De waarschuwingen tegen bid’ah (innovaties) zijn overgeleverd door de metgezellen van Boodschapper van Allah (sallAllahu ‘alaihie wa-sallam) en van de vrome salaf na hen, omdat dit niets anders is dan het toevoegen van zaken aan het geloof en het stichten van een geloof die Allah niet heeft bevolen, en het is een immitatie van de vijanden van Allah, de joden en de christenen, in hun toevoegingen aan hun religies en het hierin introduceren van dingen die Allah niet heeft bevolen. Het (invoeren van innovaties) duidt er ook op dat er iets tekortkomt aan de Islaam en dat de Dien niet compleet is en het is duidelijk dat dit leidt naar groot onrust en kwaad en dat het ingaat tegen de vers waarin Allah zegt:
‘Vandaag heb Ik jullie godsdienst voor jullie vervolmaakt en Ik heb Mijn gunst voor jullie volledig gemaakt en Ik heb de Islaam voor jullie als godsdienst gekozen.’ (5:3)
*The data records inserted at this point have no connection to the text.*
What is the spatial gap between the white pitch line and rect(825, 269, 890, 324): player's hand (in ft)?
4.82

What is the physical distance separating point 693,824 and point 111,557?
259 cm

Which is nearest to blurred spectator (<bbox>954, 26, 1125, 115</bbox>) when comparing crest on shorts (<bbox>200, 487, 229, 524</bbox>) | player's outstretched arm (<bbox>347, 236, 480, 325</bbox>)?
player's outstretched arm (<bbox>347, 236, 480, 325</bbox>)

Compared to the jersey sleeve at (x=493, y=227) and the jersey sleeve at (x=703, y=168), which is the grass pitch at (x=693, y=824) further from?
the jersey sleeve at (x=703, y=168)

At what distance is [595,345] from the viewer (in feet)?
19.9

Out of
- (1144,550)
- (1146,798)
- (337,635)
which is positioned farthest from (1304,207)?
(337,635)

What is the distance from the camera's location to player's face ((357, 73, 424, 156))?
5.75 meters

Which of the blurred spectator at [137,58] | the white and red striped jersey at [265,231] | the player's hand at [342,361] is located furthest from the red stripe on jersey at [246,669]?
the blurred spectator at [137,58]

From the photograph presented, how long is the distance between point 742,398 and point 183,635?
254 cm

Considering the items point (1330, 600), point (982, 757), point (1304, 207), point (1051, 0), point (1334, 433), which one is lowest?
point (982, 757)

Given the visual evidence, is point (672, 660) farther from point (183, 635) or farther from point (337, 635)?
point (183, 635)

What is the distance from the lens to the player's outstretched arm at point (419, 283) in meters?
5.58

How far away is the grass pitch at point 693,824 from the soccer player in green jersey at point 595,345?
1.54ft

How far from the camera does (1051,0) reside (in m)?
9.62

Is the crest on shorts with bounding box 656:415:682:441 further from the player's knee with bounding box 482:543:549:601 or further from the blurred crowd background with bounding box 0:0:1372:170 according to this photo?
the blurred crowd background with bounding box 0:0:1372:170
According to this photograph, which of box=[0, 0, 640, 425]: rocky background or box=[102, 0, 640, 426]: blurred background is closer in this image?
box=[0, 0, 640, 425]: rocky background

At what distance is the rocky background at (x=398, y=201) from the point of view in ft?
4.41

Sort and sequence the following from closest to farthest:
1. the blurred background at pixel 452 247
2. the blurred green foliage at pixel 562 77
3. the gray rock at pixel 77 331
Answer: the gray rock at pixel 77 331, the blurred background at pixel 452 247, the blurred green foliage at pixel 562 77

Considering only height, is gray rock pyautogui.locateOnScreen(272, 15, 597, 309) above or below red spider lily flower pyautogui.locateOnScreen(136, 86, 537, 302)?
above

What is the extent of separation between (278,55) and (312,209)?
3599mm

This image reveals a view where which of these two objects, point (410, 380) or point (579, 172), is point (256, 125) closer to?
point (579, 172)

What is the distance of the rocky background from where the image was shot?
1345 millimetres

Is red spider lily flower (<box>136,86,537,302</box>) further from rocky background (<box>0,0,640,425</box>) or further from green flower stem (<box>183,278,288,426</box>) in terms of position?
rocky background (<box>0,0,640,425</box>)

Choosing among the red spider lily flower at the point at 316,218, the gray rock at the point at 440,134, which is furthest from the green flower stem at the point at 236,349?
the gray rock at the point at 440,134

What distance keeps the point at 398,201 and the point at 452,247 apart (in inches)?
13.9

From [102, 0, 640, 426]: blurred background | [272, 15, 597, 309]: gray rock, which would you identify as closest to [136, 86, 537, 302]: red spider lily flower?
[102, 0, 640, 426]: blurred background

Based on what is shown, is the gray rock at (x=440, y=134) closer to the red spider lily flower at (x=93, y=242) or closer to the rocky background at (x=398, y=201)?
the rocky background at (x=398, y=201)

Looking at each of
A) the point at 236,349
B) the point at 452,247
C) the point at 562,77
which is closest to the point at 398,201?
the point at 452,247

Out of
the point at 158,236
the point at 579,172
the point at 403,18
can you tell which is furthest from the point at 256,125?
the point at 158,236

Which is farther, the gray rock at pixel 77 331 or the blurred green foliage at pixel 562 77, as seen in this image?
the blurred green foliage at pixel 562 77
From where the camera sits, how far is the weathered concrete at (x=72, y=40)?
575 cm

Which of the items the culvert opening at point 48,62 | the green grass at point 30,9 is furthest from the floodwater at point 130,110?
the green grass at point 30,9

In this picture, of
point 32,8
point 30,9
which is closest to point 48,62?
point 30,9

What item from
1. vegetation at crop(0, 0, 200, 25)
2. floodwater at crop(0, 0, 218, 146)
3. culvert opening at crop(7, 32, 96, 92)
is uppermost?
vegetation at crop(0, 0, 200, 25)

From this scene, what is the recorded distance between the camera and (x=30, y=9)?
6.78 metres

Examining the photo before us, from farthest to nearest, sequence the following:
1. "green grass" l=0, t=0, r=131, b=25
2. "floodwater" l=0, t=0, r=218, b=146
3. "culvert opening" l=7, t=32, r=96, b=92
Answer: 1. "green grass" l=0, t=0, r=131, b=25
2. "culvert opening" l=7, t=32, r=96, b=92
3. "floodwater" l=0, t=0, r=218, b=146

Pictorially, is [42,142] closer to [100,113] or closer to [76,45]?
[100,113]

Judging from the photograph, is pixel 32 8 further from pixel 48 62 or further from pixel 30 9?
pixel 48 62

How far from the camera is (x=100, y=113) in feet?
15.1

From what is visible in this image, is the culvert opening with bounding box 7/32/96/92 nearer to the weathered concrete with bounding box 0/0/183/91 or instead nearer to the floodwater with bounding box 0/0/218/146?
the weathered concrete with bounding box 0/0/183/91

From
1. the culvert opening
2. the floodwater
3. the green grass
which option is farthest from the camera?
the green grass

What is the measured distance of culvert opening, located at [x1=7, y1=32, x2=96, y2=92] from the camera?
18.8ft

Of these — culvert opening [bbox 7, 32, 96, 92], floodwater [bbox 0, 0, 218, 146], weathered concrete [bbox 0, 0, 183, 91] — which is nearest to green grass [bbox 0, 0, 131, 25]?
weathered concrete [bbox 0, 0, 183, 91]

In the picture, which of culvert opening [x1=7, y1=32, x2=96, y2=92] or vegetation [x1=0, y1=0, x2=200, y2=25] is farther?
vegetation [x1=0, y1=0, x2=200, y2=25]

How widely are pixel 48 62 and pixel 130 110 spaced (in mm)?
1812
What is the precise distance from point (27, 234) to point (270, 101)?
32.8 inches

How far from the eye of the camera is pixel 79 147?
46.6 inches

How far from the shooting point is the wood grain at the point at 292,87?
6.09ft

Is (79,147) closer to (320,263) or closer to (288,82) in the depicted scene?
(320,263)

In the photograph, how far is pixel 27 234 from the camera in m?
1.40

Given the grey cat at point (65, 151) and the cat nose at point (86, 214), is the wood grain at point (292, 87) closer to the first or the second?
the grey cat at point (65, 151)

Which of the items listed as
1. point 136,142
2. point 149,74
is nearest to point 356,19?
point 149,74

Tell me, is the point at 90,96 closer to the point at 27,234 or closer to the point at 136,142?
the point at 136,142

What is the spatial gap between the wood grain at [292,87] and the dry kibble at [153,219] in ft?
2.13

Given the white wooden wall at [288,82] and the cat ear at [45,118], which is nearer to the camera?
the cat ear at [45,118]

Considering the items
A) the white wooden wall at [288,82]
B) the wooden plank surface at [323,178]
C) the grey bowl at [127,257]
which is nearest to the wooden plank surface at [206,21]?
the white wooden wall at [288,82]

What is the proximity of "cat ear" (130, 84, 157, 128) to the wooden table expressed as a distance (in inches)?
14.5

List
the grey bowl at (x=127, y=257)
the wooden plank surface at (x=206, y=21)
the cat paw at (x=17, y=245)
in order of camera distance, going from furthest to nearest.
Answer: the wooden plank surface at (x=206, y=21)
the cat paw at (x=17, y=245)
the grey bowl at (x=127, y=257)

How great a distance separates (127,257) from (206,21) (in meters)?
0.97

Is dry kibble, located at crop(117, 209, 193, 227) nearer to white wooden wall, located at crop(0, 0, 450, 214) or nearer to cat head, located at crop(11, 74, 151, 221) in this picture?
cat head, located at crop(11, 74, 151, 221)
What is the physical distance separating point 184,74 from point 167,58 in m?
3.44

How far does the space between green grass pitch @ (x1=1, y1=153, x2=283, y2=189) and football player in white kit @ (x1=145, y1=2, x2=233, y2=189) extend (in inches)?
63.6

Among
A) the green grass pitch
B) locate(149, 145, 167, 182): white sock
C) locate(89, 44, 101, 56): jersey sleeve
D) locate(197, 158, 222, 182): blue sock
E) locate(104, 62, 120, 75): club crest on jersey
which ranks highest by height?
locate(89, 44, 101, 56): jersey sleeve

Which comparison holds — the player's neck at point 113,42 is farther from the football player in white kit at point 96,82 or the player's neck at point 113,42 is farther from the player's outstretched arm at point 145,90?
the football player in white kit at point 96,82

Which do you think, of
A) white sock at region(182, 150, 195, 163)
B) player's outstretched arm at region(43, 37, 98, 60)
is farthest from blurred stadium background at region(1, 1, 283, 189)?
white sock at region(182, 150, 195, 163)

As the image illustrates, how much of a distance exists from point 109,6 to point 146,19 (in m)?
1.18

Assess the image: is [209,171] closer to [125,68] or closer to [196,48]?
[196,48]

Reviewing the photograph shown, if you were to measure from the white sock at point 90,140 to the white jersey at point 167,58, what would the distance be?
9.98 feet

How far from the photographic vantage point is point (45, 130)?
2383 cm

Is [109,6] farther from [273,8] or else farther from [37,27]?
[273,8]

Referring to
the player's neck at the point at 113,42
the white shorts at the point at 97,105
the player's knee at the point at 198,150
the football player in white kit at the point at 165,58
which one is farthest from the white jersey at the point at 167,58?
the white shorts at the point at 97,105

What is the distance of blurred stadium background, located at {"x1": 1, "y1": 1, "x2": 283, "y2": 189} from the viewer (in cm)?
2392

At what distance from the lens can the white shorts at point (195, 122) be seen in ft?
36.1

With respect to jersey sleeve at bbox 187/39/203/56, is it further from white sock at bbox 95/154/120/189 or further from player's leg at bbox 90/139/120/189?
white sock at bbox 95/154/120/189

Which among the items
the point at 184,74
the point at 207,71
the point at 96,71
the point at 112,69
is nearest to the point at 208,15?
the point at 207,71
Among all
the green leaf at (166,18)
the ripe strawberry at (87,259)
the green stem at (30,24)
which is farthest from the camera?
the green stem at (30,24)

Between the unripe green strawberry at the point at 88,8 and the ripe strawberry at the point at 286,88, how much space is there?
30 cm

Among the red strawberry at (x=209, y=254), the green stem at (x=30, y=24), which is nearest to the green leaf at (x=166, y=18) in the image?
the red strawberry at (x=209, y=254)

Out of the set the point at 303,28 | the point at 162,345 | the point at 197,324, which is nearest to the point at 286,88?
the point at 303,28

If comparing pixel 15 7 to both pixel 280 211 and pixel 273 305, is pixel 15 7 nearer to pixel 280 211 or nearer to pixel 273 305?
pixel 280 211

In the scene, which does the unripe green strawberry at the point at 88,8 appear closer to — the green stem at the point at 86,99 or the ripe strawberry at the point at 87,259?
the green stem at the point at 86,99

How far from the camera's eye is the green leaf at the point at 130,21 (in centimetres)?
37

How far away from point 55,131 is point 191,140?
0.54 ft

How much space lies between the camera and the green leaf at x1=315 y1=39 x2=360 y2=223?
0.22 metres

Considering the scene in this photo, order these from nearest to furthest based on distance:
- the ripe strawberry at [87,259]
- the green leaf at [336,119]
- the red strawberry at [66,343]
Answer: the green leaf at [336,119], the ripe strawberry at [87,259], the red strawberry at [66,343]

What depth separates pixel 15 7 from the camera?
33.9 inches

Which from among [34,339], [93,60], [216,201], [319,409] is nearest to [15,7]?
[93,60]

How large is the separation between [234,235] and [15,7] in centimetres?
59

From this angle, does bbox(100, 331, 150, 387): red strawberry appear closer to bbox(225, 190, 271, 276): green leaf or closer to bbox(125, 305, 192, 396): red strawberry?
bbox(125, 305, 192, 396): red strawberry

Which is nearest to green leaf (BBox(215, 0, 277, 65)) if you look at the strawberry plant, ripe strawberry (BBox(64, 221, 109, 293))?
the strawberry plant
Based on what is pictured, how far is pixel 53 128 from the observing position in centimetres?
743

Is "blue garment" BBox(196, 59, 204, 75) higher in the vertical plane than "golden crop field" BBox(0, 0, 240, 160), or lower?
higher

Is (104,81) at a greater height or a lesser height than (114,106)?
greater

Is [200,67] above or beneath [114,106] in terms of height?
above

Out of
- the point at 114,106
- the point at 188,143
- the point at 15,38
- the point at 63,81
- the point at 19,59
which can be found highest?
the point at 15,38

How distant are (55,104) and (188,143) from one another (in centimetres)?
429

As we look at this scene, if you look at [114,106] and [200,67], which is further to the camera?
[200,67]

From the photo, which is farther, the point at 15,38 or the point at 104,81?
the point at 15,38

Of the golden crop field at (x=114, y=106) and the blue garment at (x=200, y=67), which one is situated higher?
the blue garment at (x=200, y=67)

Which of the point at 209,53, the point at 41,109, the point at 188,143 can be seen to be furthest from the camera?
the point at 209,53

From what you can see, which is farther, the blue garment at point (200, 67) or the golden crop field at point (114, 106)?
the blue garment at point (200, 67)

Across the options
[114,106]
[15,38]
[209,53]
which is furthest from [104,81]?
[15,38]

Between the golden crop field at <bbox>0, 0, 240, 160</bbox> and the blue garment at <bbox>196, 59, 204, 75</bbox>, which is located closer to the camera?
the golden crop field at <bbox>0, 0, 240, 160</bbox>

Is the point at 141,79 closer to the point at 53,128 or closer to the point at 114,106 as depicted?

Het gaat ook in tegen de ahadieth van de Boodschapper van Allah (sallAllahu ‘alaihie wa-sallam) waarin hij gewaarschuwd heeft tegen bid’ah.
Ik hoop dat het bewijs die we geciteerd hebben voldoende zal zijn om de zoekende naar de Waarheid te overtuigen dat dit een bid’ah is en verkeerd is, ofwel het vieren van Isra’ en Mi’raaj en dat dit geen deel is van de Dien van Islaam.
Omdat Allah ons bevolen heeft oprecht te zijn tegenover de Muslims en hen uit te leggen wat Allah hen in het geloof heeft bevolen en omdat het haraam is om kennis te verbergen, dacht ik dat ik deze innovatie behoor aan te wijzen voor mijn Muslimbroeders, die zo wijdverspreid is in vele regio’s dat mensen denken dat het een deel van de Dien is, Allah is Degene Die we vragen om de zaken van alle Muslims recht te zetten en hen te zegenen met de kennis van Islaam, en ons te helpen en hen om standvastig vast te houden aan de waarheid en al hetgeen er tegen ingaat te verlaten, want Hij is daartoe in staat. Moge Allah’s vrede en zegeningen zijn met Zijn dienaar en Boodschapper, onze Profeet Muhammad en zijn familie en metgezellen.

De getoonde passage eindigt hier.